HIGH Court judge Shafimana Ueitele’s decision to dismiss the bail application of six of the men charged in the Fishrot fishing quotas fraud and corruption case was wrong, lawyers representing the six accused argued in the Supreme Court yesterday.

This was the thrust of arguments by senior counsel Vas Soni and fellow lawyer Thabang Phatela during the hearing of an appeal by the six accused against Ueitele’s dismissal of their application for bail in April last year.

The hearing before acting judges of appeal Theo Frank, Jeremiah Shongwe and Kananelo Mosito ended with the court reserving judgement and Frank informing the appellants and the state that they would be notified once the court’s decision is ready.

Ueitele dismissed the bail applications of former justice minister Sacky Shanghala, his business partner James Hatuikulipi, former National Fishing Corporation of Namibia chief executive Mike Nghipunya, Pius Mwatelulo, Otneel Shuudifonya and Phillipus Mwapopi after concluding it would not be in the interests of justice to grant them bail.

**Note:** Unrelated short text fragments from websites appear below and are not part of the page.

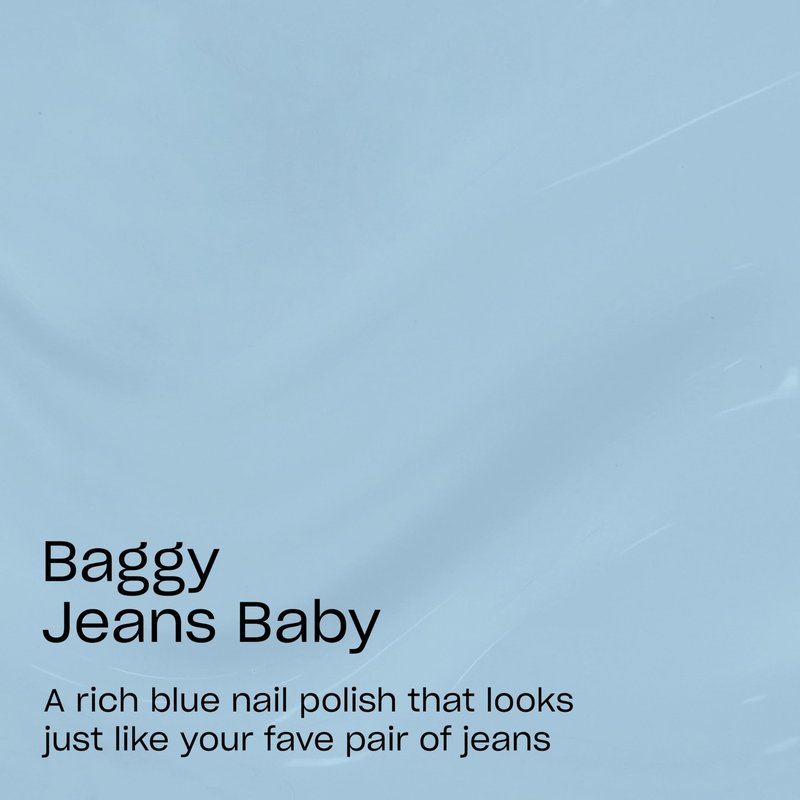 OPI Nail Lacquer Baggy Jean Baby | Opaque Cool Blue Gray Crème Chip Resistant Nail Polish | What's Your Mani-tude | Fall 2025
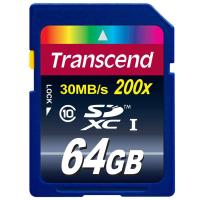创见(Transcend)64G(CLASS10)SDXC存储卡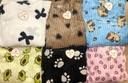 INV.  PIJAMA TERRENAL SOFT PELUCHE ESTAMPADO ACANALADO - 6019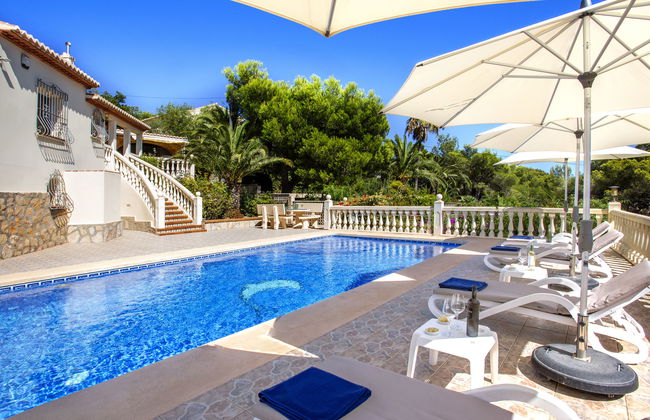 Casa de 3 quartos em Jávea com piscina privada e jardim - Foto 47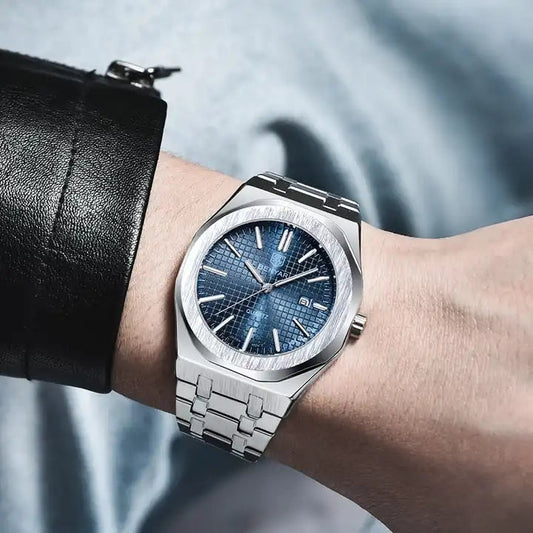 ⌚ BENYAR – Nouvelle Montre de Sport pour Hommes 🔵 | Design Unique | Bracelet Acier Inoxydable | Mouvement Quartz Précis | Élégance Moderne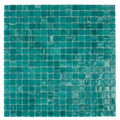 Cerulean Green 12x12 Glossy Uniform Square Glass Mosaic Tile (20 pack, 18.69 sq ft/case)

Having noted that the state was alleging the men had tried to interfere with the investigation of their case and with witnesses in the matter, and that four of them were also charged with obstructing the course of justice, Ueitele said in his view the administration of justice would be prejudiced if the six accused were to be granted bail.

Soni, who is representing Shanghala, Hatuikulipi and Mwatelulo, argued during the appeal hearing that Ueitele was wrong in stating that the six applicants had the onus to show it would be in the interest of justice for them to be released on bail.

It is the state that has the burden of showing the continued pretrial detention of an accused person would be justified, Soni said.

He also argued that Ueitele did not balance the rights of the six accused and the interests of justice and of the public in his judgement, and that his approach in considering the application to be granted bail was irregular.

Soni and Phatela both argued that Ueitele’s judgement was wrong and that the Supreme Court should replace it with a decision granting the six appellants bail.

Phatela – representing Nghipunya, Shuudifonya and Mwapopi – also argued that the facts placed before the court during the bail hearing before Ueitele did not justify his conclusion that it would not be in the interests of justice to grant them bail.

It is also not in the public interest that simply because someone was charged with corruption they should not be granted bail, Phatela argued.

He further argued that in Mwapopi’s case especially – the state has not alleged that he tried to interfere with witnesses or evidence in the matter – there was no clear reason why Ueitele turned down his application to be granted bail.

On behalf of the state, deputy prosecutor general Cliff Lutibezi argued that in a bail application the onus is on an accused person to show they should be granted bail, and not on the state to show that bail should be refused.

He said there was evidence before Ueitele that Hatuikulipi and Shanghala were both found in possession of cellphones while in custody, while prison rules do not allow detainees to have cellphones with them, and argued that this showed they could not be trusted to comply with bail conditions if they were to be released.

Because there is also a fear that they would interfere with witnesses or evidence in the case if they were released on bail, it is not in the interests of justice for them to be granted bail, Lutibezi argued as well.

Considering that the Fishrot accused are alleged to have benefited from national resources in the form of Namibian fishing quotas that were supposed to have been used for governmental objectives, it would also not be in the public interest to release the six accused on bail, Lutibezi added.